*Task brief*. Please copy exactly the lines from the one containing "Cattle in Pasture 127016" to the end of the entries, both included, and nothing else. Omit every picture.

*Short web captions*.
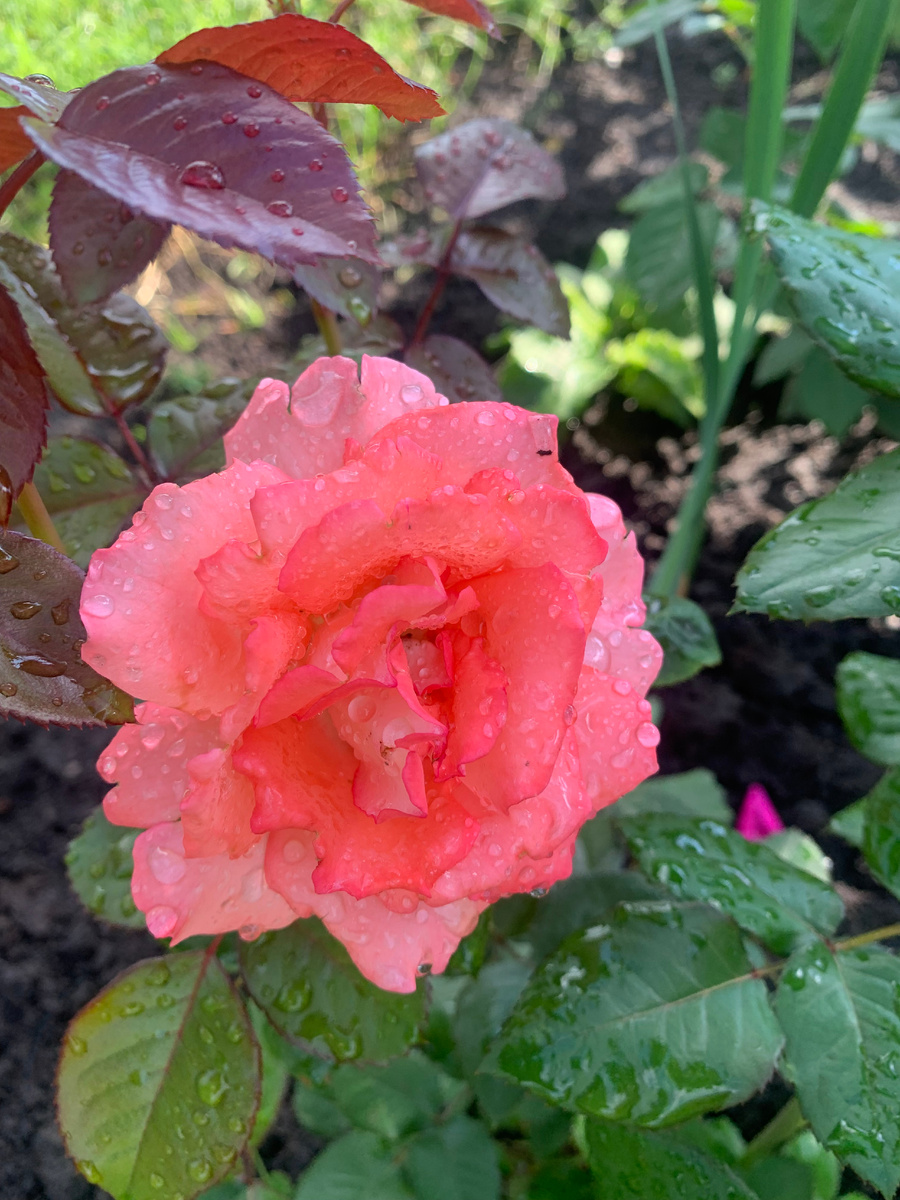 розы Вайкики, фото автора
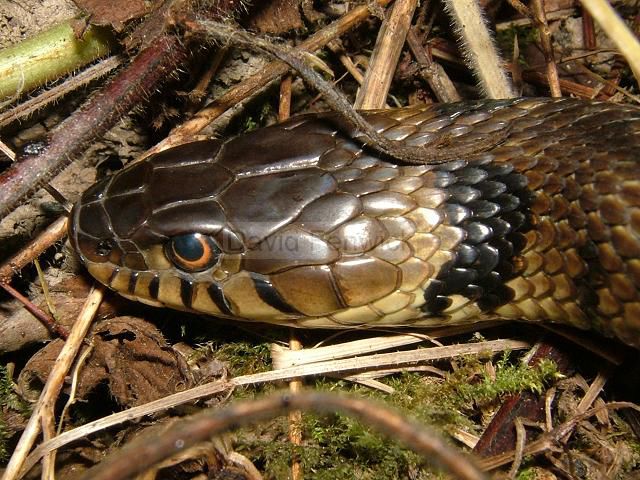 Grass Snake Natrix natrix Snakes and Lizards Reptile Images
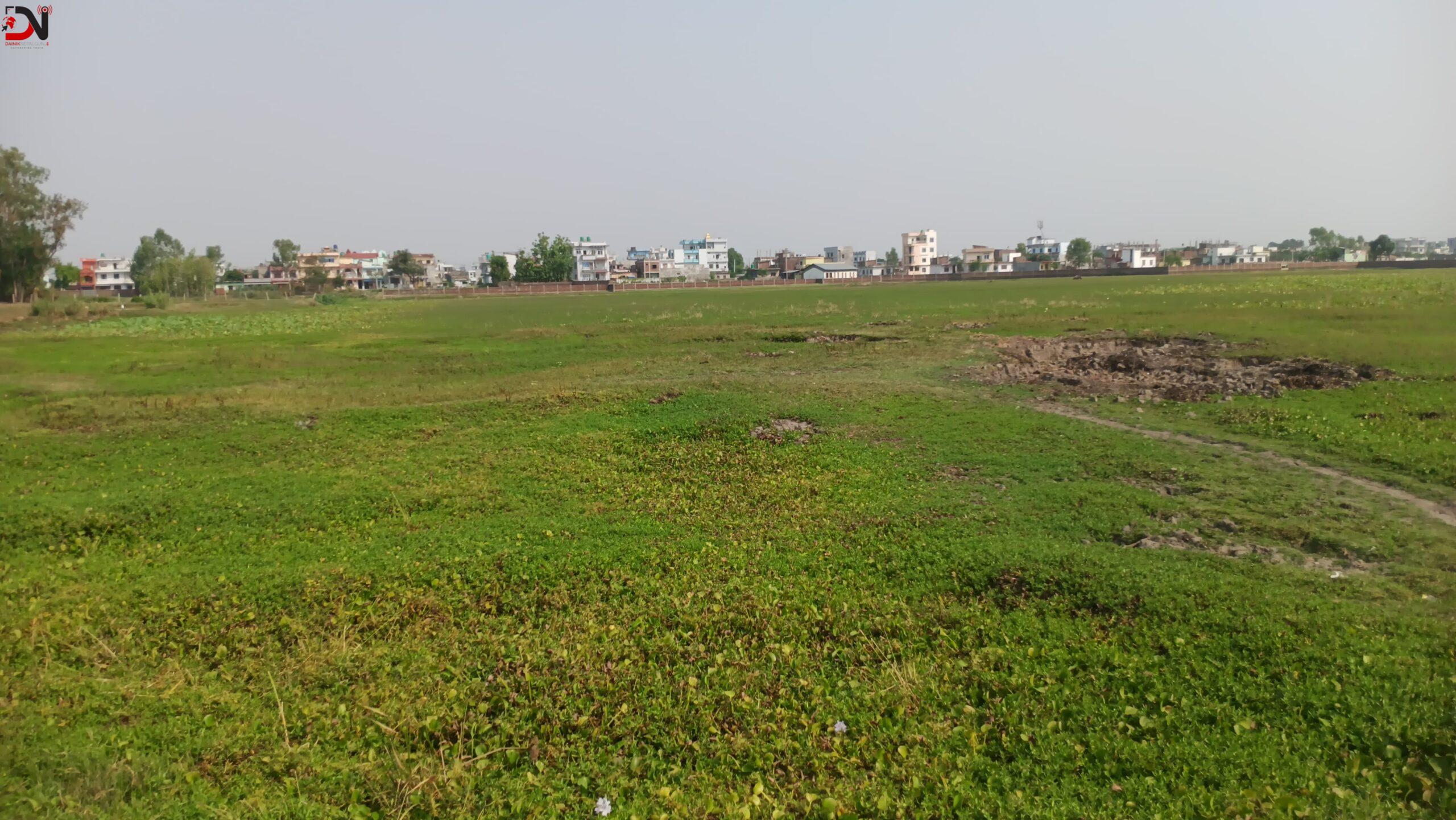 बन्ला क्रिकेट मैदान ?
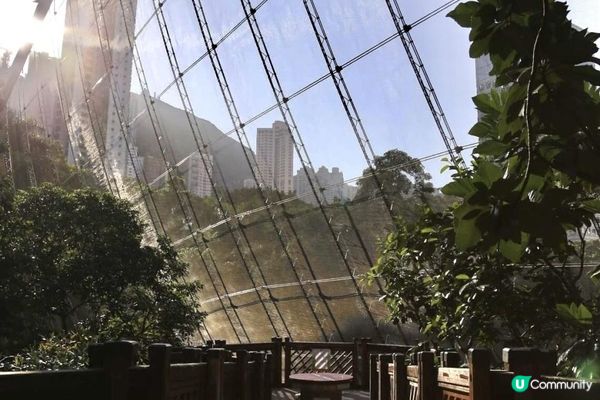 九十年代落成的香港公園盛極一時，曾經陪伴不少香港人長大。那大...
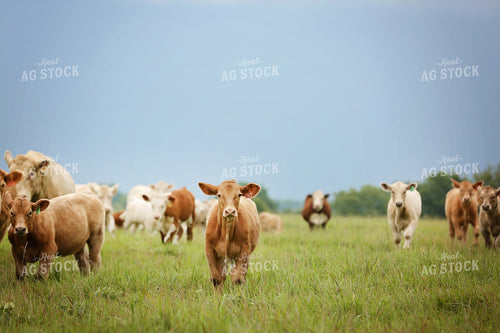 Cattle in Pasture 127016
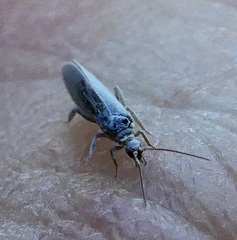 Coniopteryginae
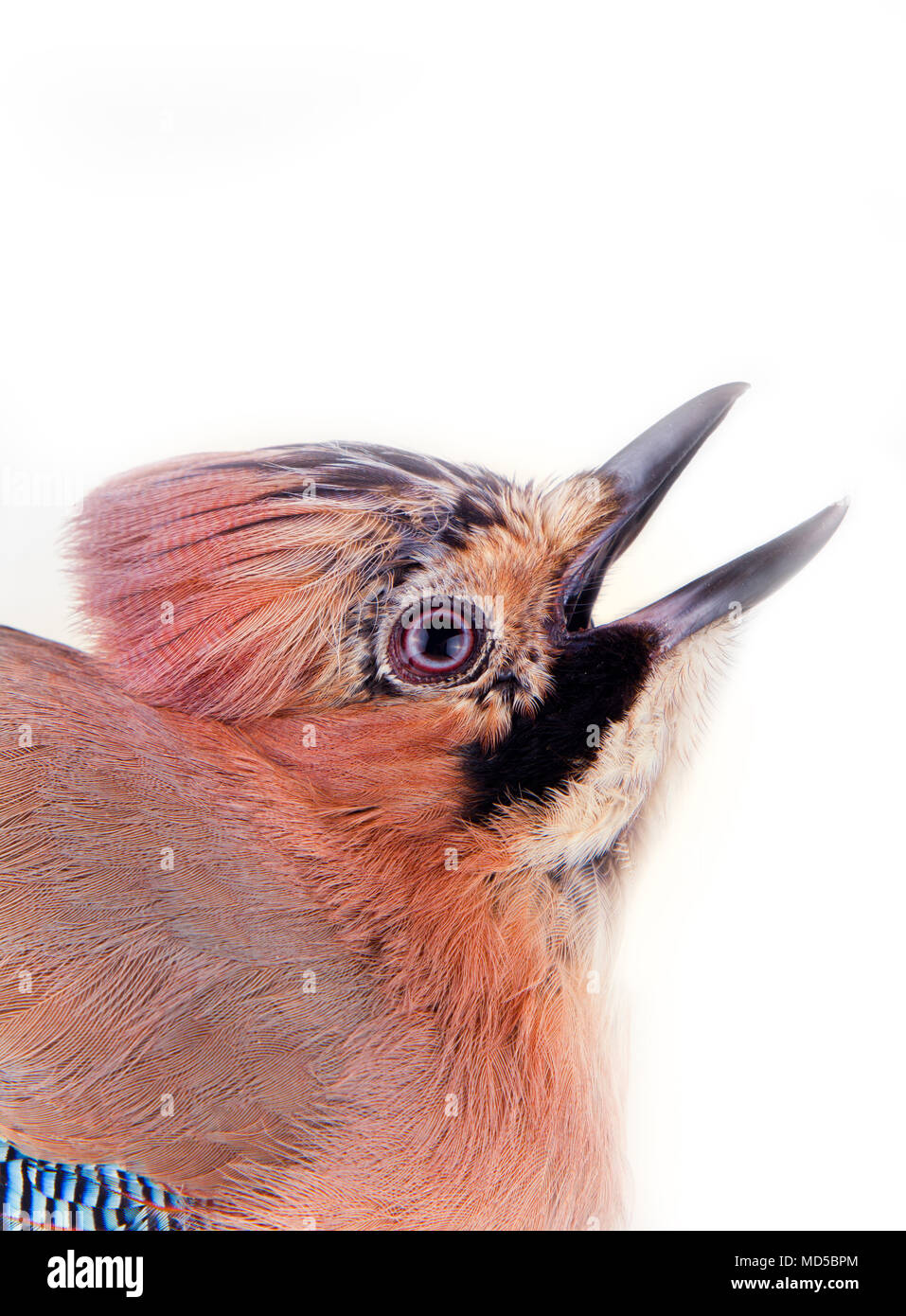 Jay Commun Garrulus Glandarius Oiseau Sur Fond Blanc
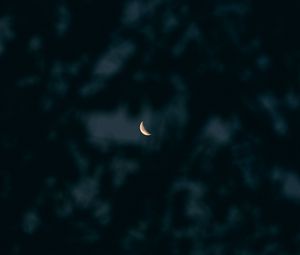 Preview wallpaper moon, branches, sky, dark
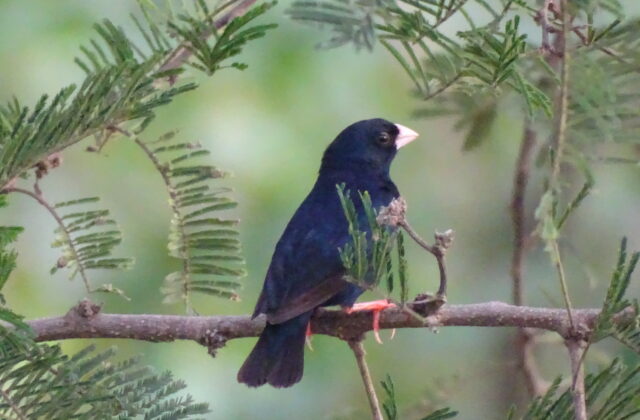 Village Indigobird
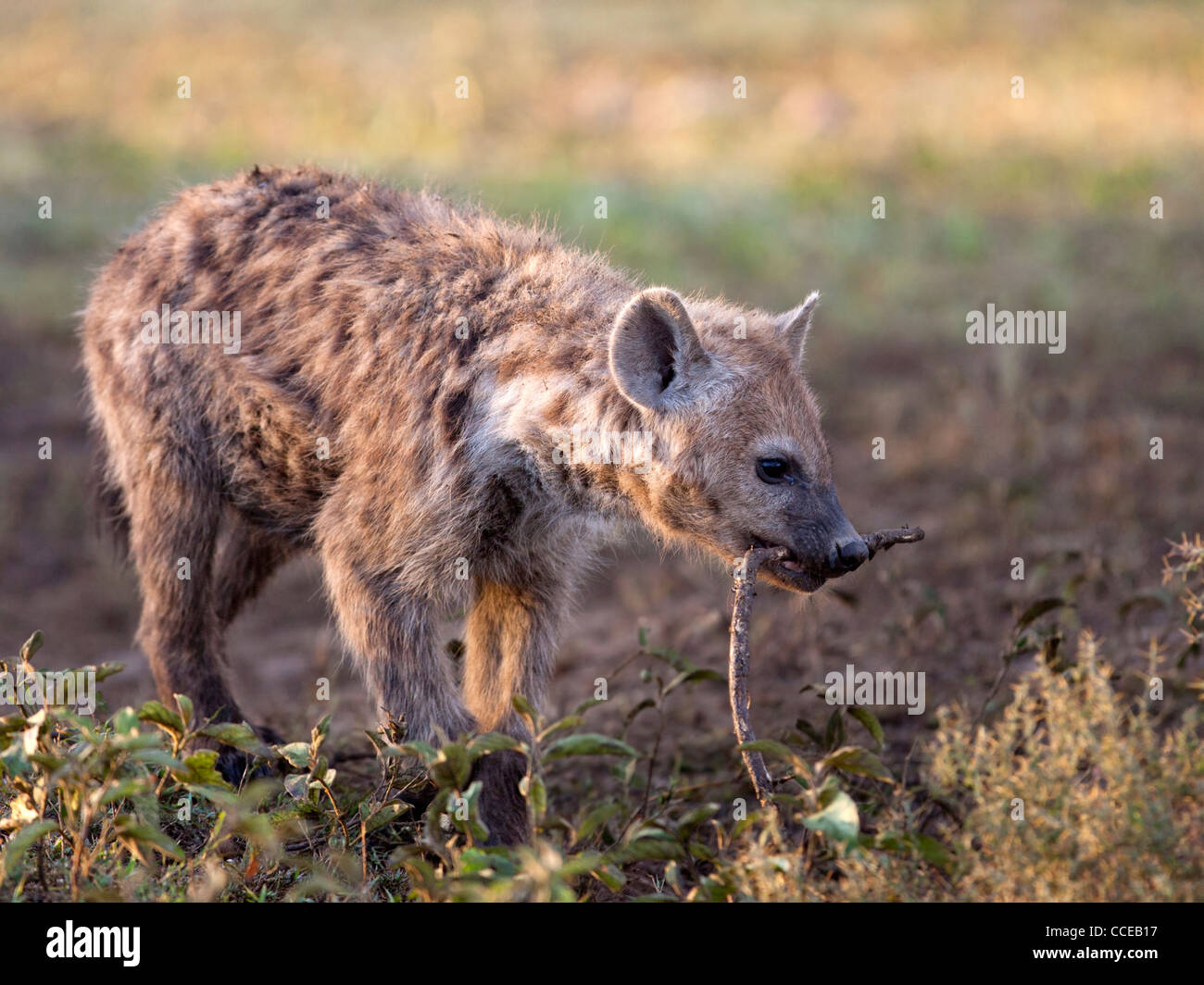 Junge Hyäne mit Stock im Mund entdeckt Stockfoto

*Answer for this exercise*.
 Cattle in Pasture 127016
 Coniopteryginae
 Jay Commun Garrulus Glandarius Oiseau Sur Fond Blanc
 Preview wallpaper moon, branches, sky, dark
 Village Indigobird
 Junge Hyäne mit Stock im Mund entdeckt Stockfoto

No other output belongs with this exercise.